# Check switch failure for 129



## landcruiser00 (Feb 22, 2004)

I just had DISH out to do an upgrade to a 622 with the new Silver HD programming package. I am keeping my 811 also. The install involved connecting the 811 to a different different display and repointing one Dish 500 from 61.5 to 129 to get the Denver HD locals. The other dish is pointed at 110/119. The tech could not get the 811 to pass the check switch test for the 129 sat. Both the 622 and existing 2800 passed the test. He spent over 2 hours troubleshooting, even brought in a new box (non-HD) and connected it in place of the 811 to verify the cable wasn't the culprit, and it also passed. So it seems it's a problem with the receiver. The tech called in to his home office to get some support but they had no new ideas. I ended up having the tech repoint back to 61.5 to get the Voom channels on both the 622 and 811. I can go without the HD locals since i can get all with the OTA tuner. But...it bugs me that I can't get them since I'm paying for them anyway. Any ideas on why the 811 can't seem to connect to the 129 sat? I assume the tech had all the wiring from the two dishes to SW64 to receivers correct.


----------



## Jason Nipp (Jun 10, 2004)

Press "Sys-Info"....What software revision is your 811 running and what is your device configuration listed?


Please try this.

Disconnect the Sat feed cable from the 811. Menu 6-1-1 and do a check switch with no feed attached. Pull power to 811 for 30 seconds. Plug back in, let boot, immediately hit the front panel menu button as it will error out with no feed attached. 6-1-1 again and check switch with no feed one more time just for grins. If you are using a DPP 44 switch, nows a good time to clear it as well. Disconnect all receivers and the power inserter to the DPP44 and wait for like 3 minutes. Be careful not to short the stingers from the receivers against the switch chassis, they are probably still live at this point. After your 3 minutes are up reconnect only the power inserter and 811 to the switch. Then reattach the 811's input feed cable, if you turned it off to do this, apply power again to the 811, quickly hit the front panel menu button, and go to 6-1-1 again and do your live check-switch. If it finds everything OK, exit and reboot the receiver. Let it reload the guide, then reattach your other receivers and see if they remembered their switch matrix. Probably so if you had them powered down and disconnected. But check just in case.

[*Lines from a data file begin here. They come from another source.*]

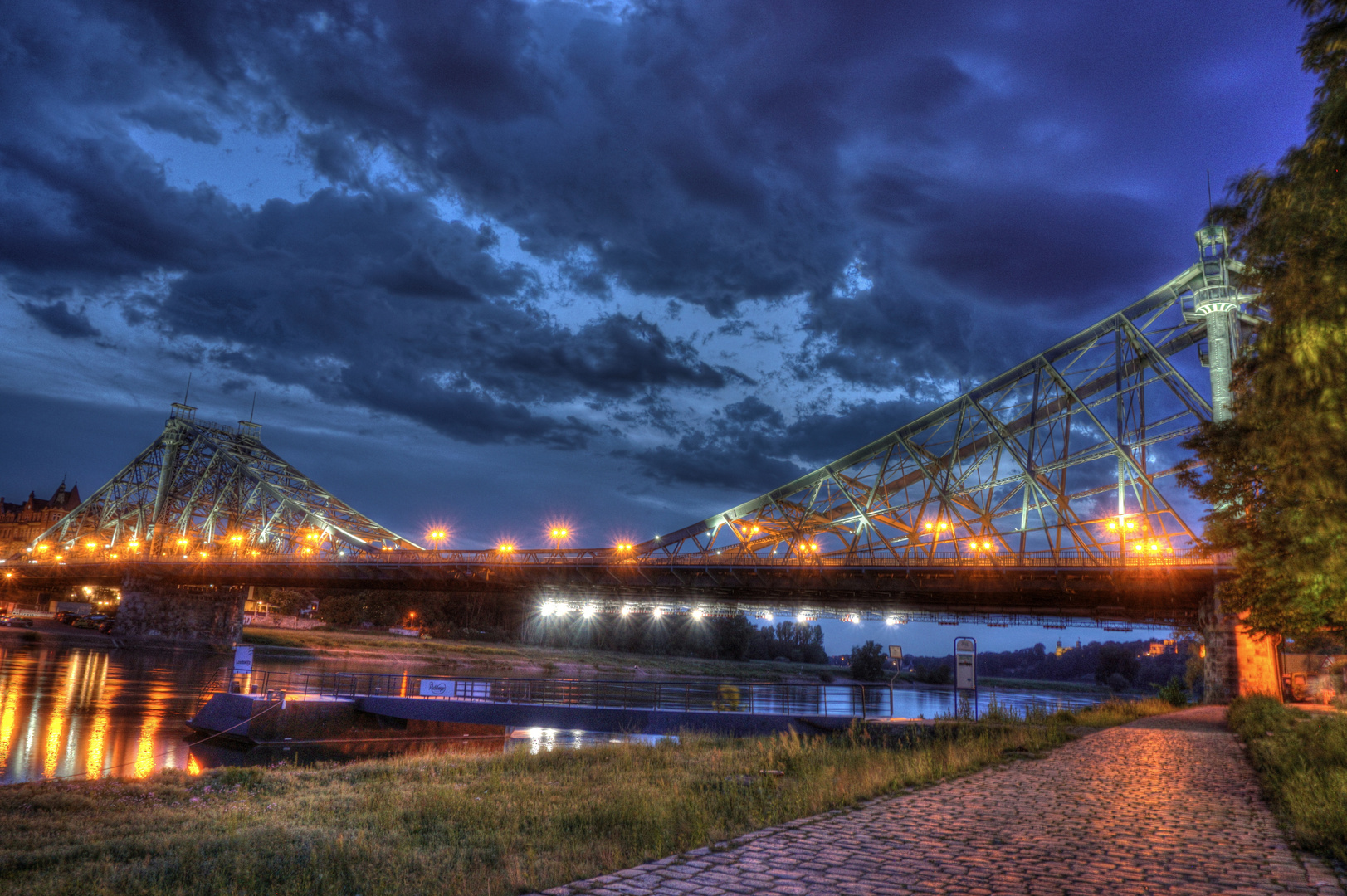 Das Blaue Wunder in Dresden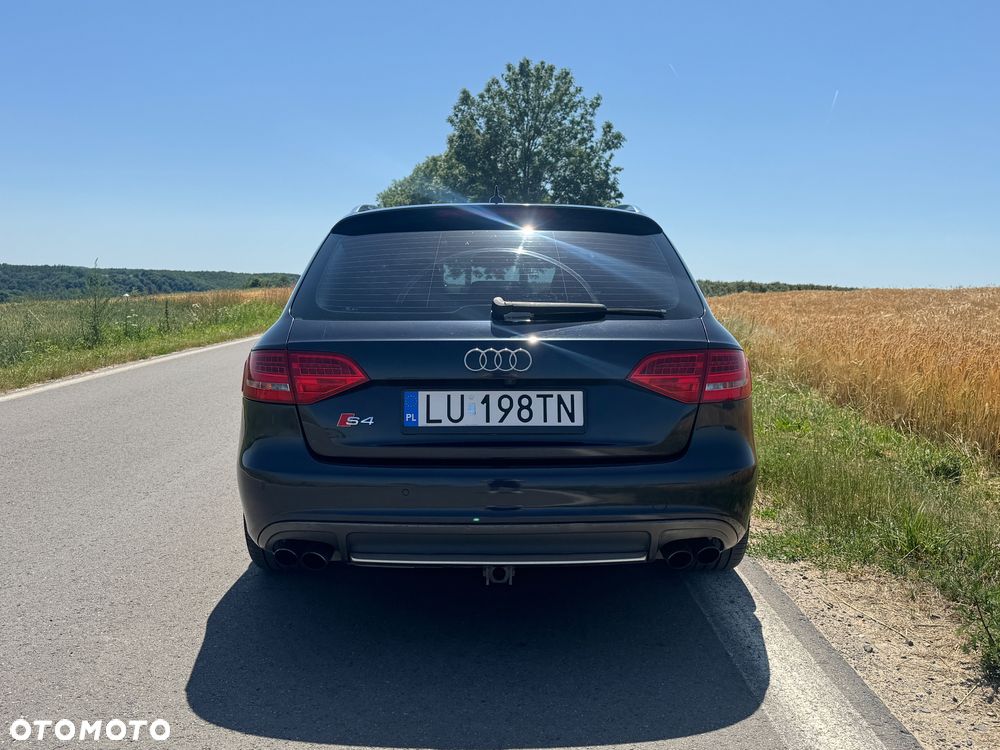 Audi S4 Avant S tronic - 7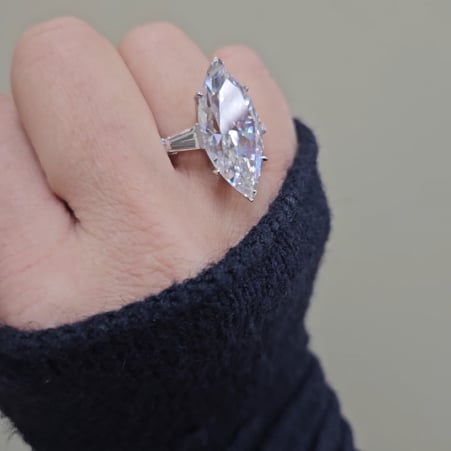 15CT (24 x 12) marquee with tapered baguette sides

Now question? Are you using a 61.5 and a 129 at the same time? I am also doing this. Because of some mirroring situations, a few of my receivers need to have the "Alternate" box checked off. You may want to try this as well.

If this did not help, you can try a NV dump.


----------



## Jason Nipp (Jun 10, 2004)

"_The "SuperDish" checkbox must be selected in order for the 811 to recognize 129 using legacy LNBs and switches (It doesn't have to be checked for DishPro equipment). _"

There is a Tech Bulletin on this issue.


----------



## landcruiser00 (Feb 22, 2004)

Thanks for the replies. Here is some feedback to your questions.
Software version is P380, and device config is SW64.
I am not using 61.5 and 129 at the same time.
Unfortunatey I now don't have one of the dishes pointed to the 129 sat so I will need to repoint to 61.5 and run through your procedure.
Also, I'm not certain that the Tech checked the superdish checkbox, but he did try with the Alternate checkbox which did not fix the problem

More questions related to the procedure: 1. How do you clear a switch? 2. How do you do the NV dump? 3. Same procedure recommended with SW64 ? (since it was written assuming DPP44 switch)


----------